Cyberveiligheid moet een zorg van iedereen zijn

Stijn Fockedey
Stijn Fockedey Hoofdredacteur a.i.

Cyberveiligheid is in België nog te veel een zaak waar alleen maar de IT-afdeling mee bezig is. Nochtans is de potentiële schade zo groot dat het topmanagement er wel aandacht voor moet hebben.
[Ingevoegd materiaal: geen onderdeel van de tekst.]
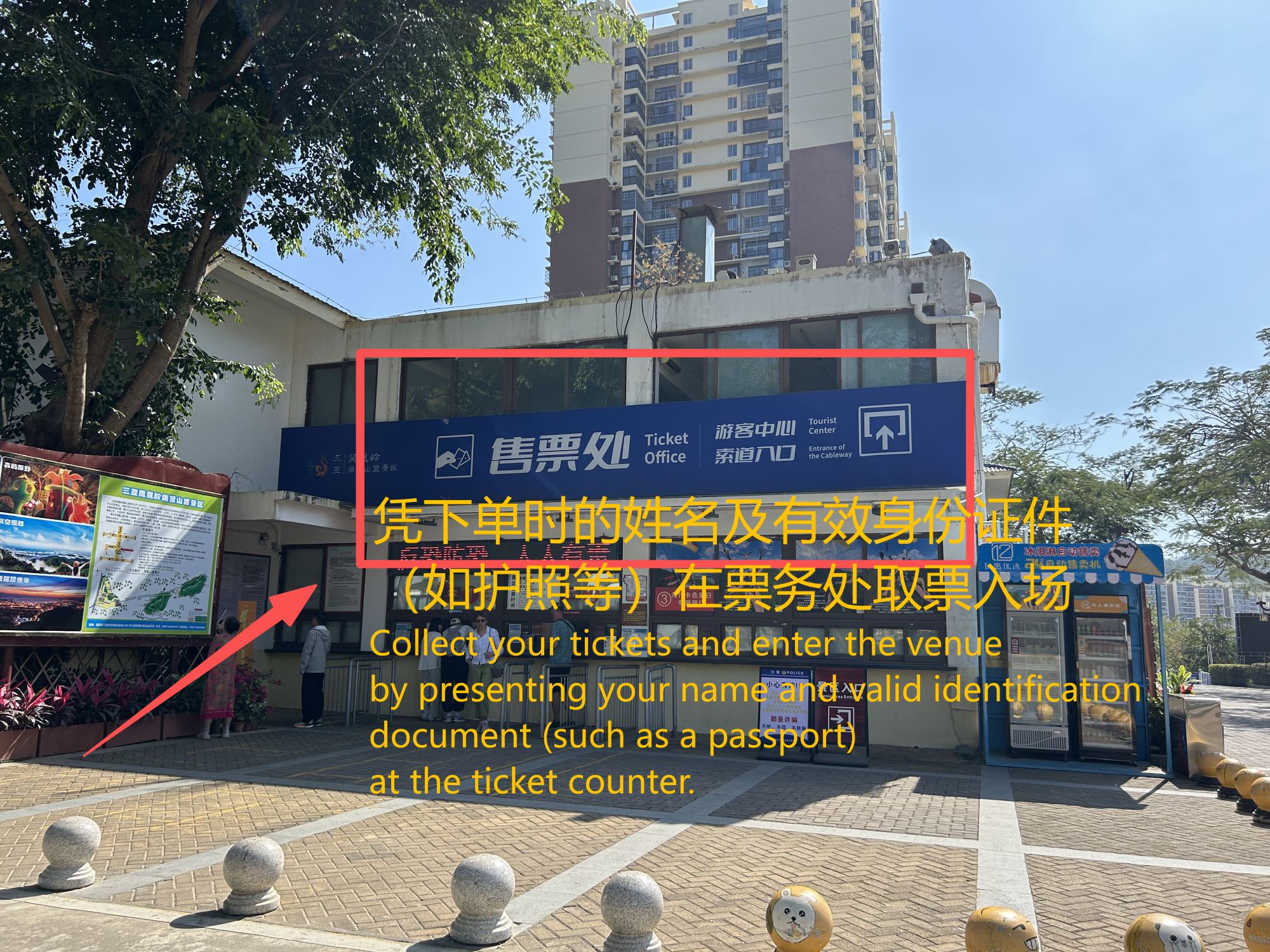 取票處位置示意圖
Voor bedrijfsleiders en leden van de raad van bestuur is cyberveiligheid al te vaak een ver-van-mijn-bedshow. De materie is zeer technisch en bovendien is de schade van cyberincidenten vaak niet tastbaar genoeg. Tot het over de eigen portemonnee gaat. “Soms kunnen we bij de voorstelling van onze audit over een bedrijf vertellen dat we communicatie hebben onderschept over bijvoorbeeld aandelenopties”, glimlacht Andy Deprez van het zakelijkadviesbureau EY, het vroegere Ernst & Young. “En dat we door een beveiligingslek weten hoeveel opties iedereen heeft. Ik kan u verzekeren dat iedereen dan de oren spitst.”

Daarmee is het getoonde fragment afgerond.